The Infrastructuring phase was laborious, monotonous, and yet curiously enjoyable. I looked forward to my afternoons spent crunching up mycelium so it could be re-moulded into bricks. Each Tuesday, the basement would quickly fill with the damp, musty scent of mushrooms. The mycelium had been shipped from a distributor from the Netherlands, arriving in the form of a mulch. The material is temperamental – as a living entity, it was not immune to the influences of temperature, humidity, and light. Sara described it as though she was “looking after a pet.”

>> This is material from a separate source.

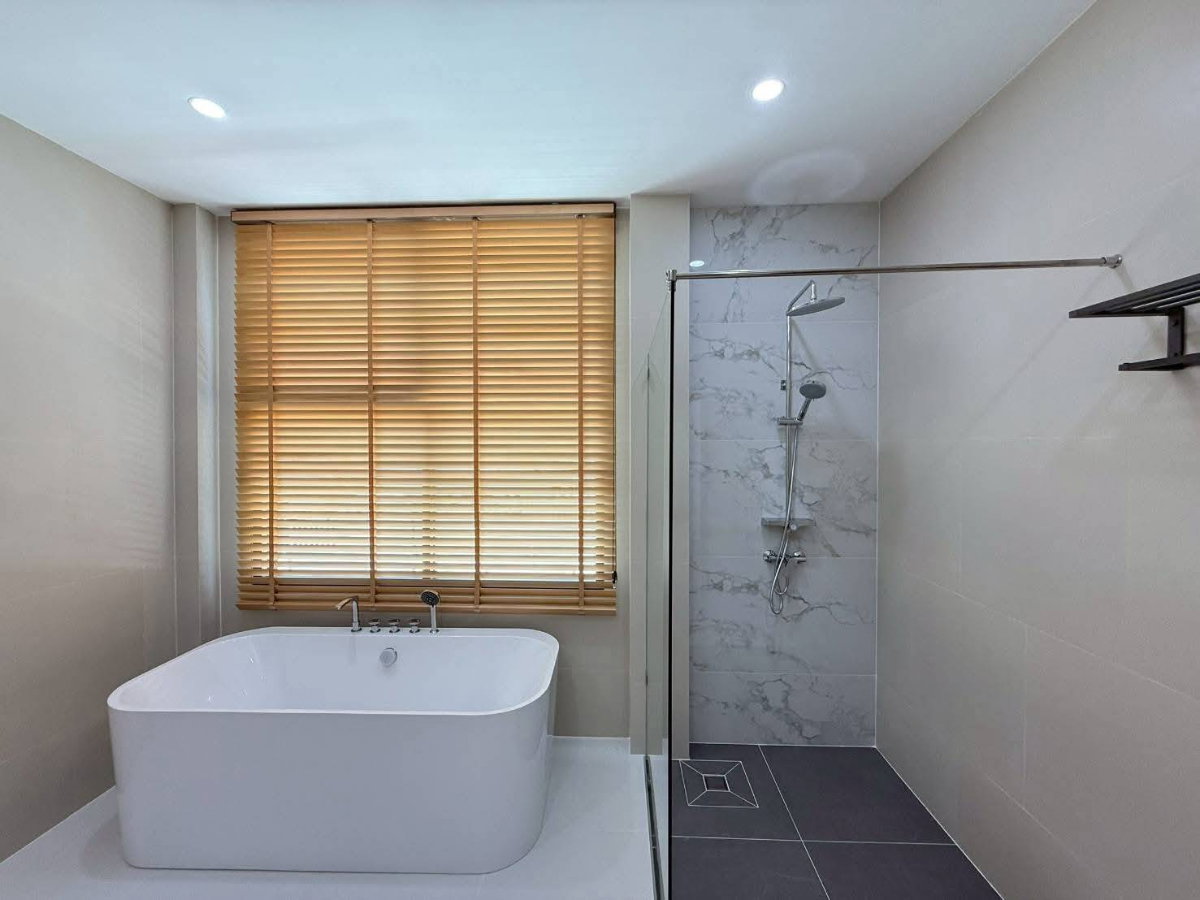 รูป ขายบ้านสร้างใหม่พร้อมเฟอร์ 4 ห้องนอน ใกล้โรงเรียนนานาชาติ เมอริตัน คริสเตียนเยอรมัน หางดง เชียงใหม่ (H372) T.0946511456 - รูปที่ 19/21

We spent hours breaking up the mycelium that had already begun to cohere, while reflecting on this phase of the process as our ‘birthing’ of the piece. Angela Edwards compared the labour to peasants preparing oats for baking. At times it seemed almost tribal or ritualistic, facilitating a camaraderie and kinship amongst the group. I felt bonded to these women and the installation. Ideas moved from my mind through my hands, mixed in with mycelium that got wedged beneath my fingernails, dusted over my skin in a thin powder, and lingered in my nostrils.
On Tuesday the 28th August, a portion of the original group, along with the MAO staging crew led by Scot Blyth, Wytham staff, and several volunteers, arrived at the woods to install the piece. Prior to installation, the team carried out a risk assessment and laid out their initial plan for threading the bricks onto the pre-built steel skeleton.
The first attempt at threading the bricks onto the steel rods failed. It took the group of ten artists and volunteers at least three tries before they collectively established the best way to thread each brick through the rods. Once they found this rhythm, the team was able to finish ‘threading’ the second half of the installation in less than twenty minutes. This part of the process was both delicate and intense. The group celebrated with prosecco, and expressed their pride and gratitude over the culmination of their work. The exhibition would open just two weeks later.
On Friday September 22nd the gallery was buzzing with art and environmental enthusiasts. Subtle sounds arranged by Eric Clarke played through four speakers and a lone white bench sat at the centre of the bare room just off of the main gallery. A digital projection of the installation was displayed on one of the walls.
I spoke with several of the other artists at the exhibit who expressed their excitement and criticisms. Like them, I felt much was missing from the digital display. We originally intended to set up a live feed in the woods to transmit footage the installation in real-time and establish a virtual tether between Wytham and MAO. This was later determined to be too much of a technical challenge.
The underwhelming digital display seemed to mirror many contemporary interactions with information about climate change and the environment. When we scroll through Facebook and Twitter, or watch the news or YouTube videos, we are exposed to dramatic, yet detached representations of nature threatened by a changing climate. Getting involved in the development of this piece required me to engage with human-climate parallels, such as respiration and decaying organic matter, in more holistic, sensory-based ways.
Encouraging opportunities to explore climate change in physically creative and playful ways can disarm climate change and its repercussions, while making them more tangible. Furthermore, engaging with these concepts as a group allows for collective experimentation and evolving perspectives. By the time this article is published, the exhibition at MAO will have concluded. Luckily, the installation (literally) lives on at Wytham Woods. Go smell it, walk through it… touch it if you dare. Join the process and become a continuing body.